## Exercise goal
In the data below, one line contains "Vista aérea en" and a later one contains "Tiene Covid el". Print both, with every line between them, exactly and alone.

## The data
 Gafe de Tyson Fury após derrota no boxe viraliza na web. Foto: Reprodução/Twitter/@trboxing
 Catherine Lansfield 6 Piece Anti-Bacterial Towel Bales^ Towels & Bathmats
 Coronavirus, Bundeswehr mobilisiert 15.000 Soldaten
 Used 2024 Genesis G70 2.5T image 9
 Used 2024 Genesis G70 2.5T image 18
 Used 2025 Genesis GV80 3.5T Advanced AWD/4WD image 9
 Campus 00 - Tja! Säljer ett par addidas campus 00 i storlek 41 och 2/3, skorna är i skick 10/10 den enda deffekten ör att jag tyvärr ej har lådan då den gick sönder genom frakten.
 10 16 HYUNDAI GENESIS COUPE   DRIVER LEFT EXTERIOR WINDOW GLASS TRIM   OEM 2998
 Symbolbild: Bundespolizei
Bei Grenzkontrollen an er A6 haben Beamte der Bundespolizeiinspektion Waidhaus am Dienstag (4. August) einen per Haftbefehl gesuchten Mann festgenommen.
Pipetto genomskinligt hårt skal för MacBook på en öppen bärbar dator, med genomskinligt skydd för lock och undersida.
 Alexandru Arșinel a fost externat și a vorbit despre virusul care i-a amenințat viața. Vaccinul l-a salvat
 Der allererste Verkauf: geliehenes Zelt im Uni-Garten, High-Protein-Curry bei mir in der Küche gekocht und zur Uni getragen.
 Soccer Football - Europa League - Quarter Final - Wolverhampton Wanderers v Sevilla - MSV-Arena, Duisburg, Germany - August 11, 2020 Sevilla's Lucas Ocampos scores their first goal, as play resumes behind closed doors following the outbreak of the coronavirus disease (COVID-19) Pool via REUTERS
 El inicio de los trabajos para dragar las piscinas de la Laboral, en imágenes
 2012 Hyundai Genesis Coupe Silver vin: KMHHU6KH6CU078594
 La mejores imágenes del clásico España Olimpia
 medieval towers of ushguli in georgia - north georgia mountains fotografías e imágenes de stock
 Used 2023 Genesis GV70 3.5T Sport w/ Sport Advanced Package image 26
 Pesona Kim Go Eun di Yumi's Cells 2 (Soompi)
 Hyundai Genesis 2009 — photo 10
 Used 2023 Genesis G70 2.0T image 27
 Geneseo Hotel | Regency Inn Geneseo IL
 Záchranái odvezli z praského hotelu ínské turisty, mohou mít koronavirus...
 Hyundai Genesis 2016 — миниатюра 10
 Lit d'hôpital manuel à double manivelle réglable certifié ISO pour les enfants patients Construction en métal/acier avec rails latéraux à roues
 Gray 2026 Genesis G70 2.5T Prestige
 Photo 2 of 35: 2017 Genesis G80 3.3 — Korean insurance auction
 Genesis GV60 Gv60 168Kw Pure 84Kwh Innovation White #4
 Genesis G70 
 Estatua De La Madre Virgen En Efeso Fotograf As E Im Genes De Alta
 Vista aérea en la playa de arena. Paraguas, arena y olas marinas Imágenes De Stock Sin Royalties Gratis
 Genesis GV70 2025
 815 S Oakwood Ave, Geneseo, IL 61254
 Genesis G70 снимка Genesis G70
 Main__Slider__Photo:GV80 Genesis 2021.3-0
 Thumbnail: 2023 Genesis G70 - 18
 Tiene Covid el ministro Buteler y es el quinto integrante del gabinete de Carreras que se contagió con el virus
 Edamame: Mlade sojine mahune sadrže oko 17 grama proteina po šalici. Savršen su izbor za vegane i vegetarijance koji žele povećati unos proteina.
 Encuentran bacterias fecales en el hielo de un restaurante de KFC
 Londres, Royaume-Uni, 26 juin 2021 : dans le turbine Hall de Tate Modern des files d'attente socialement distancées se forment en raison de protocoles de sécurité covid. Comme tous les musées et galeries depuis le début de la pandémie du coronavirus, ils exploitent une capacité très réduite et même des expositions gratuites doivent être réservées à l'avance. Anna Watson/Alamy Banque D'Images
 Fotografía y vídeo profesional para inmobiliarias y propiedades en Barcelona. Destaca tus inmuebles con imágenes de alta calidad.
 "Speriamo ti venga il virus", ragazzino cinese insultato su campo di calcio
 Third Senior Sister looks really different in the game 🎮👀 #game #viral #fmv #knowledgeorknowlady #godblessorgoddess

## Worked solution
 Vista aérea en la playa de arena. Paraguas, arena y olas marinas Imágenes De Stock Sin Royalties Gratis
 Genesis GV70 2025
 815 S Oakwood Ave, Geneseo, IL 61254
 Genesis G70 снимка Genesis G70
 Main__Slider__Photo:GV80 Genesis 2021.3-0
 Thumbnail: 2023 Genesis G70 - 18
 Tiene Covid el ministro Buteler y es el quinto integrante del gabinete de Carreras que se contagió con el virus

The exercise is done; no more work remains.